Exercise instructions: Copy nothing from the entries below except the lines from the one containing "Custodia per telefono" through the one containing "Szklanka Zafferano Perle", and copy those exactly.
*** Opening Data in this exercise ***
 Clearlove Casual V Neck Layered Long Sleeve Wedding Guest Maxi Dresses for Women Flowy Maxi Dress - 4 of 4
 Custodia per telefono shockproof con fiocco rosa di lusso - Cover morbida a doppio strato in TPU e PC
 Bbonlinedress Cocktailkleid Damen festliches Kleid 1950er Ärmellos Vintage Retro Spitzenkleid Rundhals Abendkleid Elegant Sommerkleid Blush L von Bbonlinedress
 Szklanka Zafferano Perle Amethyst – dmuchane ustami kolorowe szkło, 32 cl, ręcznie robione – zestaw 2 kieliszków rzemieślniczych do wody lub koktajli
*** Closing Data in this exercise ***
*** Opening Data in this exercise ***
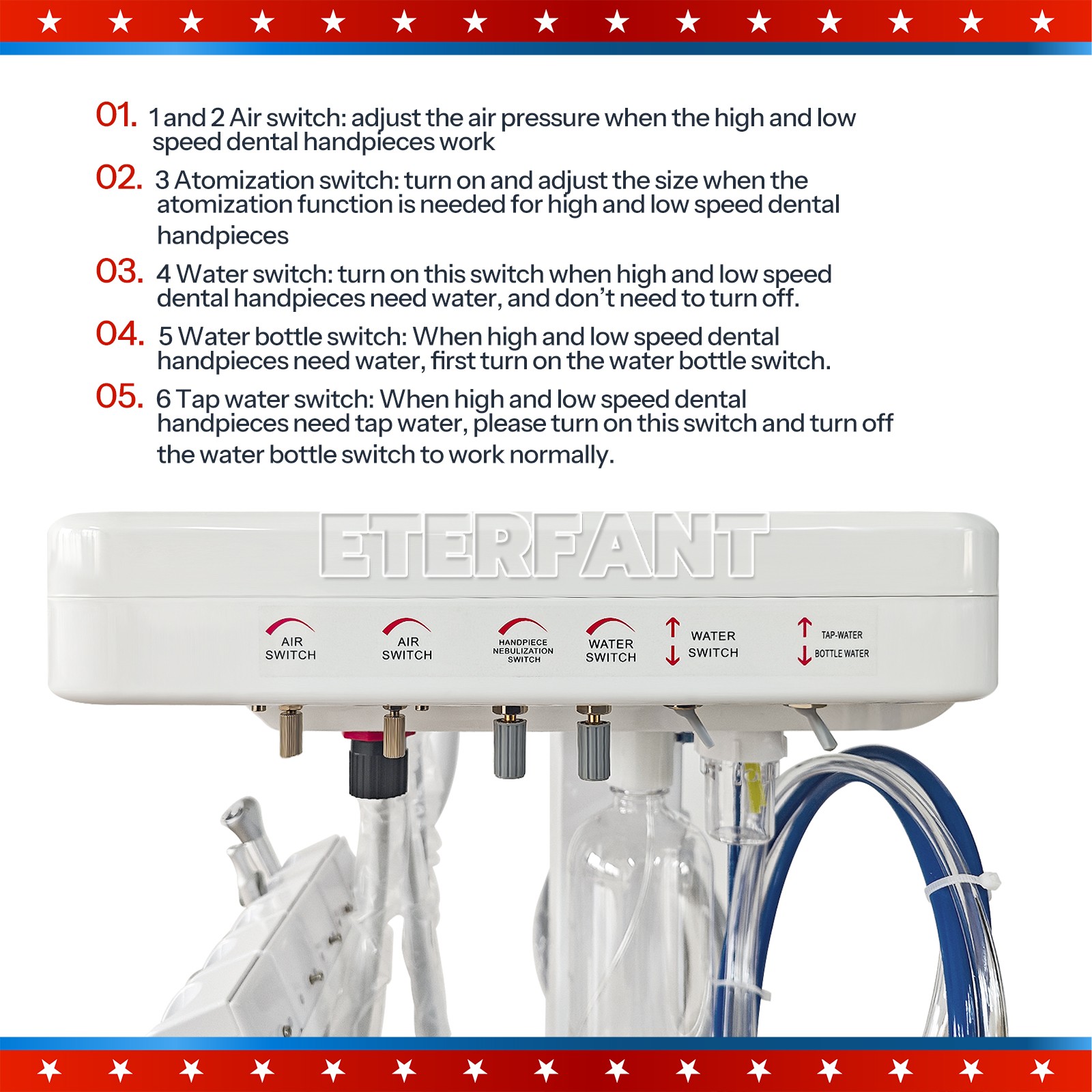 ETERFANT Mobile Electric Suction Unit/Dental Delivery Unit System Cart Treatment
*** Closing Data in this exercise ***
The completed task:
 Custodia per telefono shockproof con fiocco rosa di lusso - Cover morbida a doppio strato in TPU e PC
 Bbonlinedress Cocktailkleid Damen festliches Kleid 1950er Ärmellos Vintage Retro Spitzenkleid Rundhals Abendkleid Elegant Sommerkleid Blush L von Bbonlinedress
 Szklanka Zafferano Perle Amethyst – dmuchane ustami kolorowe szkło, 32 cl, ręcznie robione – zestaw 2 kieliszków rzemieślniczych do wody lub koktajli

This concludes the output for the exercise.